Set down every line from the one with "121 Springmere Grove, photo 35 of 41" to the end of the entries, both ends included, exactly as it reads and without pictures.
==============================
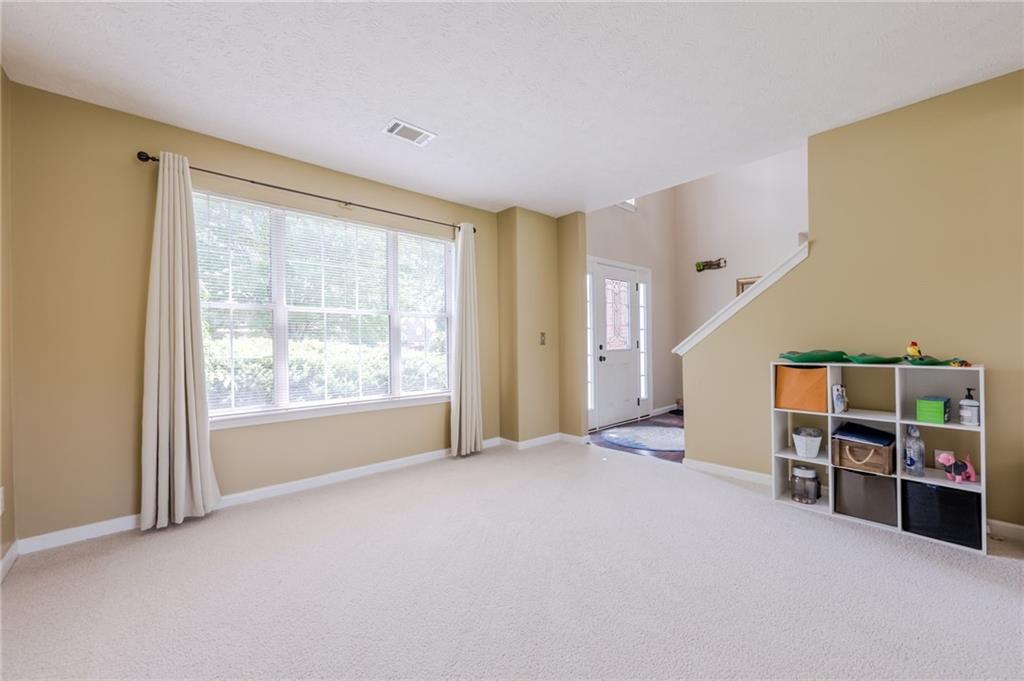 1130 Laurel Cove Drive, Snellville, Georgia image 6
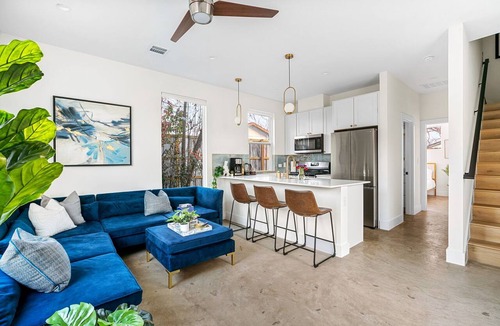 Govalle House | Modern Retreat · Fire Pit · WiFi + TV· Private Patio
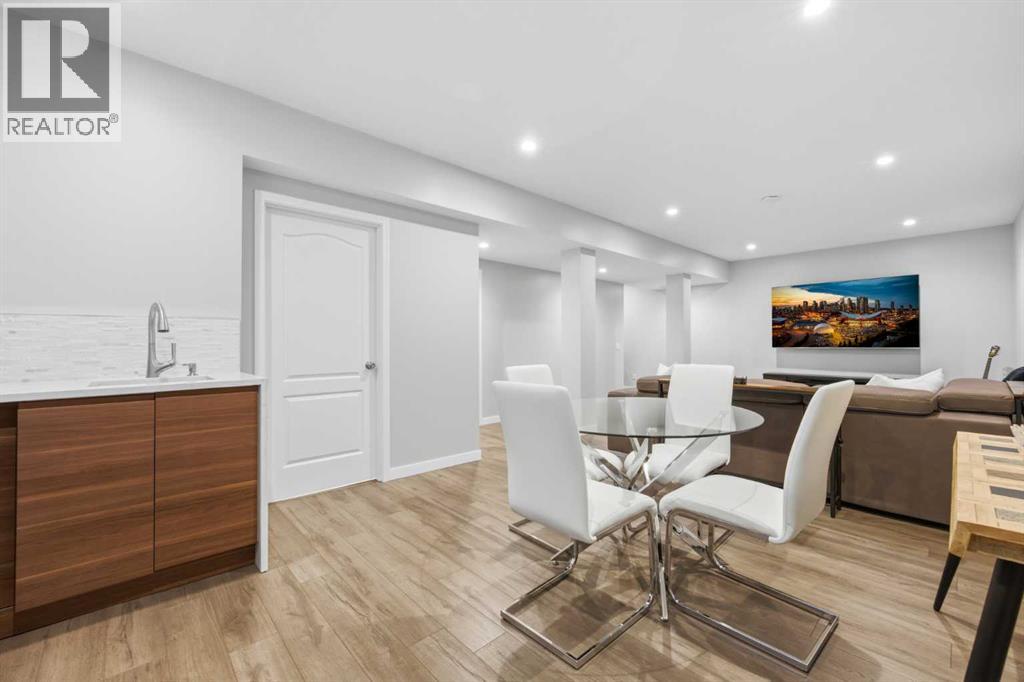 121 Springmere Grove, photo 35 of 41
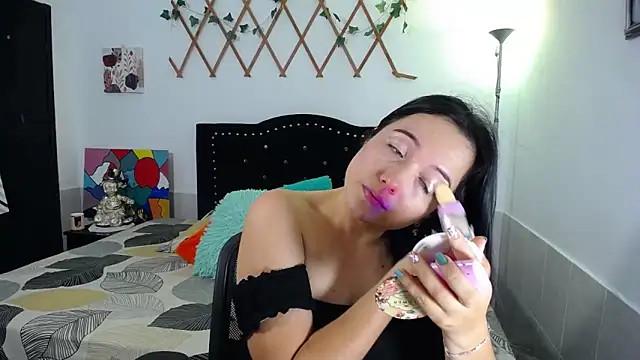 naughty girl 4u online show from 17, 4, 2026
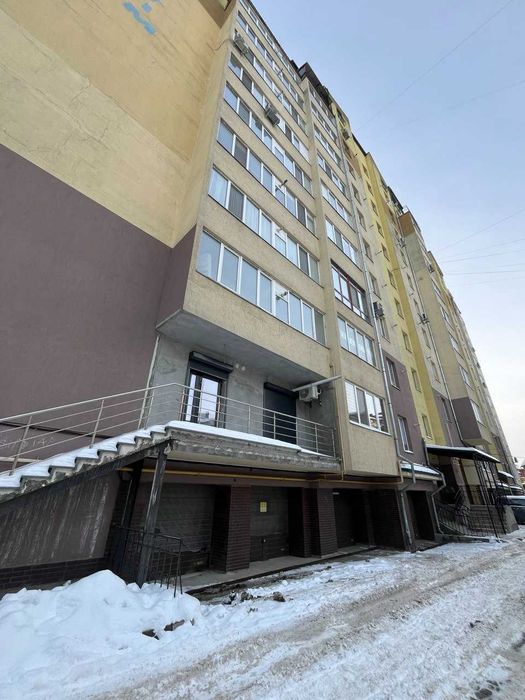 Продам гараж в центрі по вул.Січових,76в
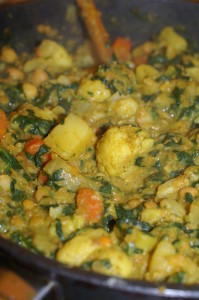 Karfiol-Curry mit Spinat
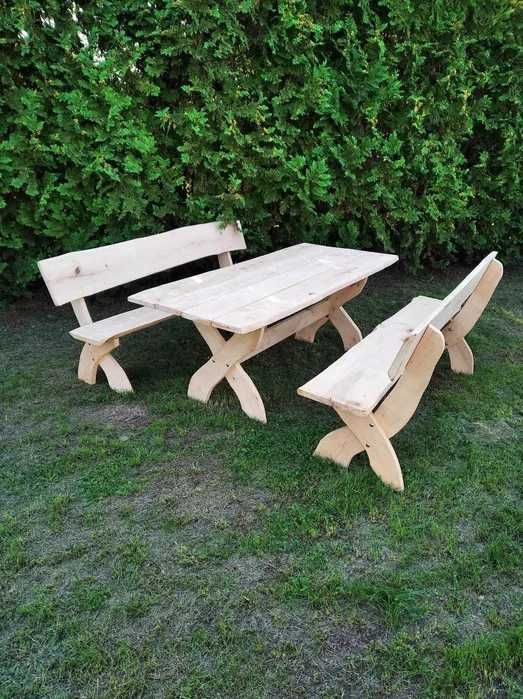 Solidny komplet mebli ogrodowych z Olchy ZAPRASZA
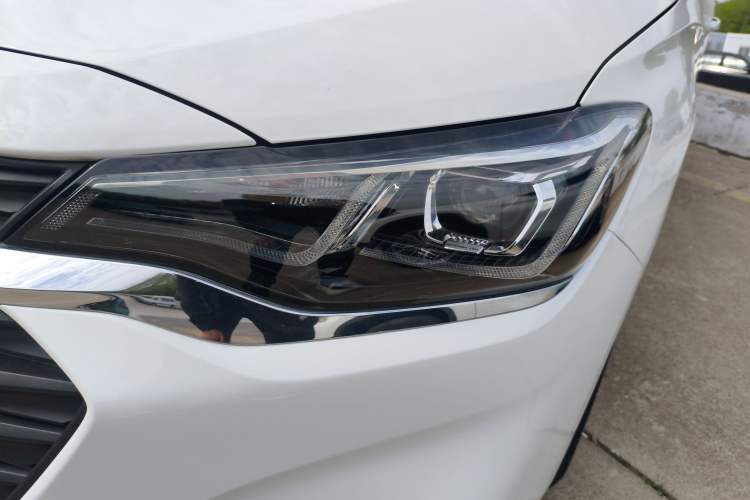 Used Chevrolet Monza 2022 320 Automatic Enjoyment Sunroof Version Left Front Headlight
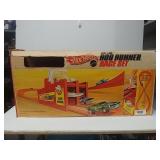 Hot Wheels Dual-Lane Rod Runner Race Set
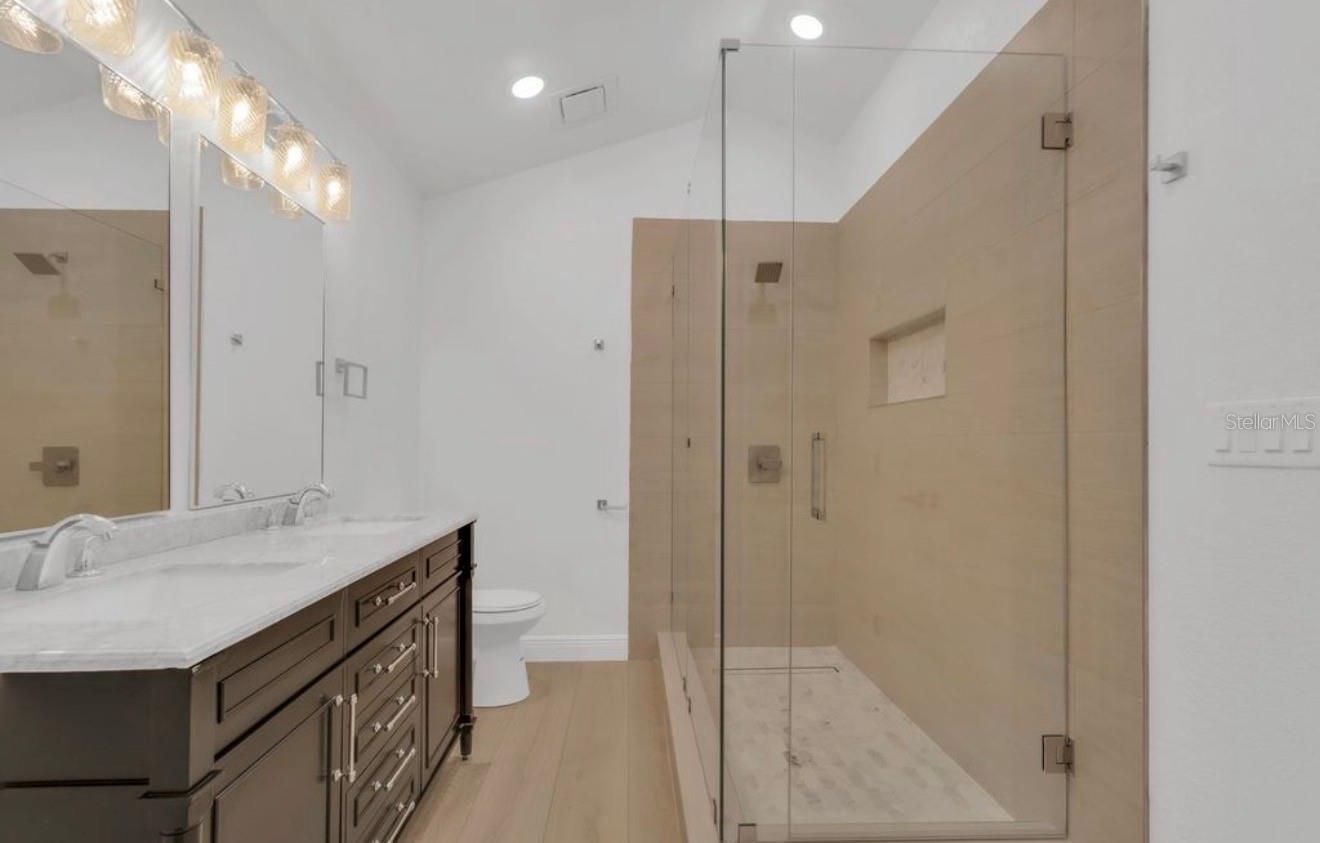 Image 21 of 30 For 2622 Liz Lane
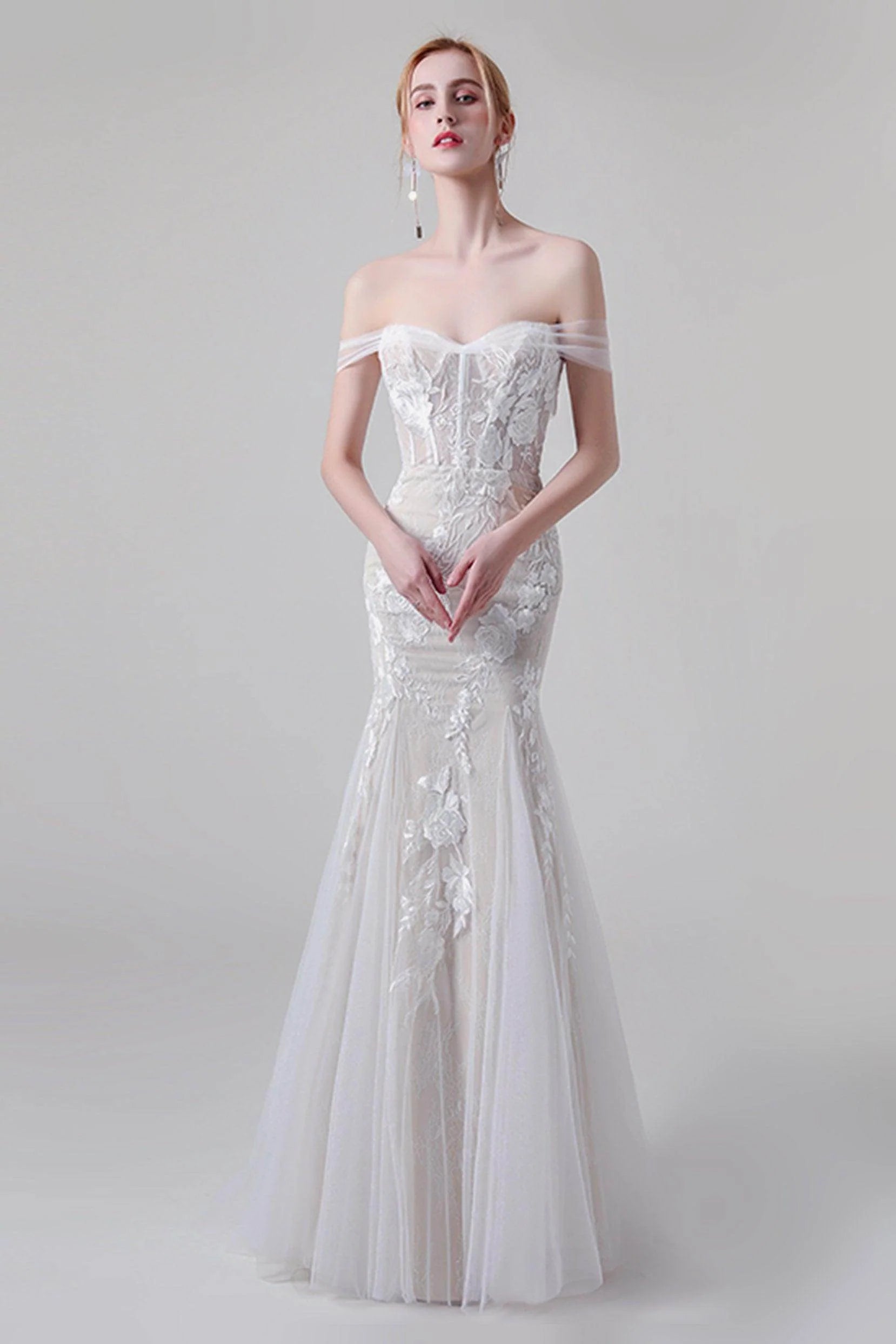 Sheath Sweep-Brush Train Lace Tulle Wedding Dress CW2747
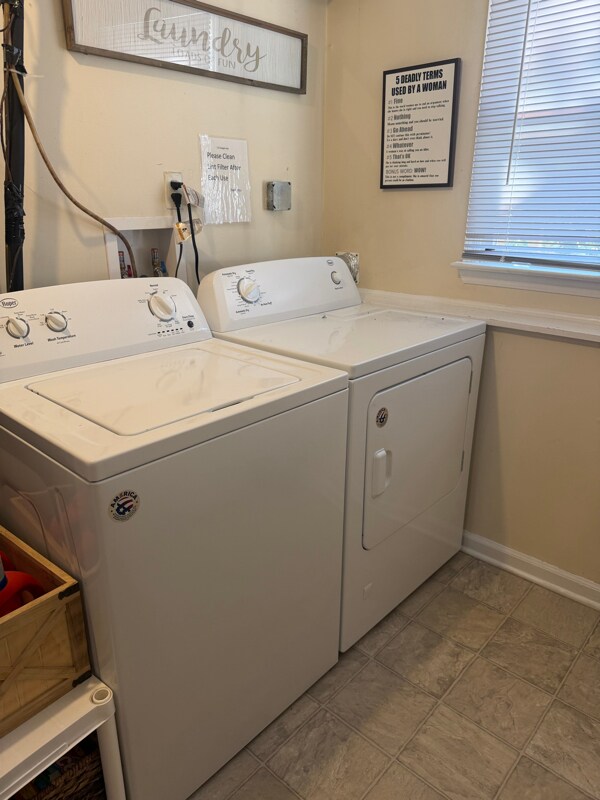 Building Photo - 121 Oregon Ave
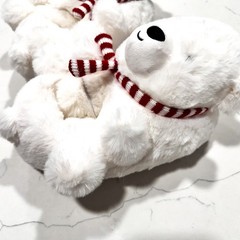 NEW Christmas Polar Bear Plush Ultra Soft Slippers Kids Size Medium 2/3 Non-Slip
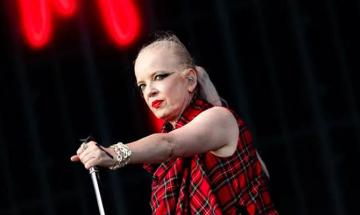 Shirley Manson dumping off popular 'Garbage' dress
==============================
Result below:
 121 Springmere Grove, photo 35 of 41
 naughty girl 4u online show from 17, 4, 2026
 Продам гараж в центрі по вул.Січових,76в
 Karfiol-Curry mit Spinat
 Solidny komplet mebli ogrodowych z Olchy ZAPRASZA
 Used Chevrolet Monza 2022 320 Automatic Enjoyment Sunroof Version Left Front Headlight
 Hot Wheels Dual-Lane Rod Runner Race Set
 Image 21 of 30 For 2622 Liz Lane
 Sheath Sweep-Brush Train Lace Tulle Wedding Dress CW2747
 Building Photo - 121 Oregon Ave
 NEW Christmas Polar Bear Plush Ultra Soft Slippers Kids Size Medium 2/3 Non-Slip
 Shirley Manson dumping off popular 'Garbage' dress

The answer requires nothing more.